Tor Sapienza, Corcolle…intorno a Roma catena di guerra bianchi-neri

Tor Sapienza, Corcolle...intorno a Roma catena di guerra bianchi-neri
Polizia intorno al centro accoglienza di Tor Sapienza

ROMA – A Tor Sapienza, dove la gente del posto tira petardi e manganellate agli immigrati del centro di accoglienza accusati di furti e aggressioni. A Corcolle, dove la tensione intorno a un centro simile ha portato gli stranieri a prendere a bastonate un paio di autobus e i residenti a scendere in strada per mandare via loro, “gli altri”, i neri. Difficile definire i torti e le ragioni di questa guerra, una guerra tra bianchi e neri in qualche modo nuova perchè il livello di violenza e tensione non è paragonabile al passato, per lo meno a Roma. Tor Sapienza e Corcolle, ma domani potrebbero essere la Romanina, l’Ardeatina, Ponte Mammolo. 

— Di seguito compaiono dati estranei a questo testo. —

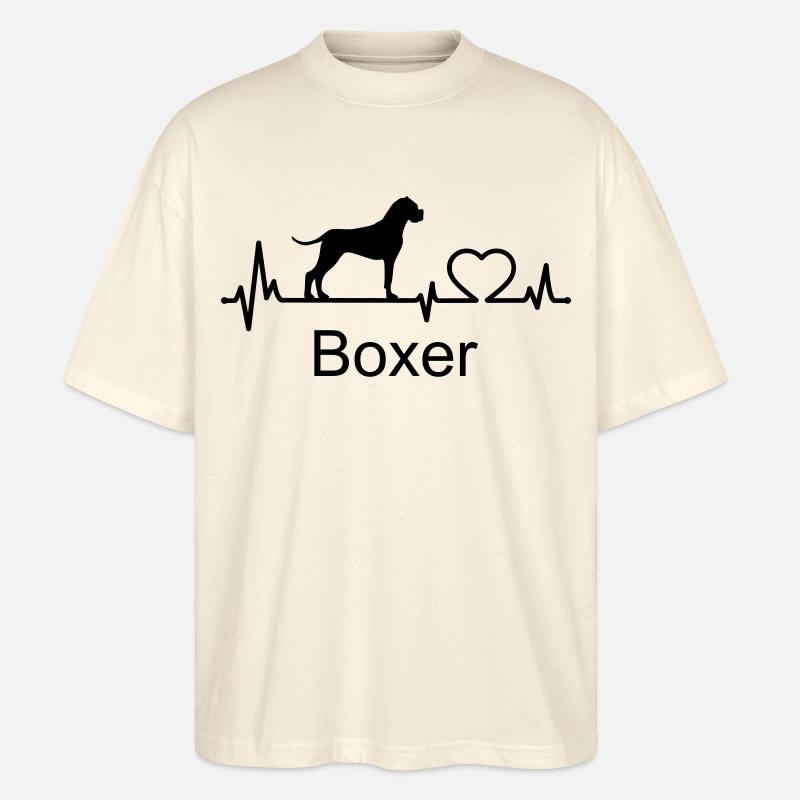 Boxer Hund Herzschlag Hundebesitzer Geschenkidee - Stanley/Stella Oversized Unisex Bio T-Shirt Blaster 2.0 - Natur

Dicono sia la storia di tutte le migrazioni, quando le comunità “altre” si innestano nel tessuto sociale delle grandi città europee. Sempre in periferia, gomito a gomito con situazioni sociali già precarie, già difficili. Cova il fastidio per anni, piccoli furti, piccoli reati, la polizia arriva e si fa più presente, la microcriminalità “autoctona” si infastidisce e non gradisce tutta l’attenzione. In Francia le chiamano “banlieu”, ed è un termine che i francesi conoscono da anni e anni, insieme allo strascico di guerriglia locale, di fazioni, di periodici lanci di petardi e bastonate, se non peggio. E’ arrivata, ormai si può dire, anche a Roma: oggi Tor Sapienza e Corcolle, domani altrove. Mancanza di mezzi e di istituzioni, torti e ragioni che si mischiano e sarà difficile, se non impossibile, ricomporre per mettere ordine. Per capire è sufficiente ascoltare qualche voce da Tor Sapienza, come si legge sul Corriere della Sera:

«Qua è ‘na tragedia», inquadra la situazione Gabriella Errico, presidentessa della cooperativa che gestisce il centro d’accoglienza, «l’altra sera hanno tirato sedici bombe carta. Ma, vede, noi non ce ne possiamo andare. Come dicono i colleghi delle altre cooperative, poi si sposterebbero alla Prenestina, all’Ardeatina…», come la pallina della roulette appunto. Gli ospiti del centro sono accusati di furti, provocazioni, persino di cambiarsi nudi alla finestra. Francesca, dirigente della struttura, calabrese, sospira: «La verità? I ragazzini sono quasi ingestibili. Vengono qui direttamente dallo sbarco. Su di loro devi partire da zero… avessimo cinque anni di tempo! Nessuno ruba. Ma qui si aggiunge disagio a disagio».

Accanto, due dei più giovani si azzuffano. Gabriella Errico sospira: «Giocano, sono esuberanti. Sa, gli egiziani?». In questa storia non si vedono ragioni, tutto sembra un torto. Persino le dimensioni del centro «Un sorriso», quasi quattromila metri quadrati per una settantina di rifugiati a 25 mila euro al mese di affitto pagati da Europa, Stato italiano e Comune di Roma. Certi spazi fanno gola in un quartiere dove prima si occupa e poi si dice buongiorno. «Ma questa è la sede della cooperativa sociale, non c’è solo l’accoglienza», spiega ancora Francesca. Di sicuro il centro attira molta polizia e la cosa non può far piacere ai padroncini dello spaccio locale: anche qualcuno di loro era in mezzo ai tafferugli.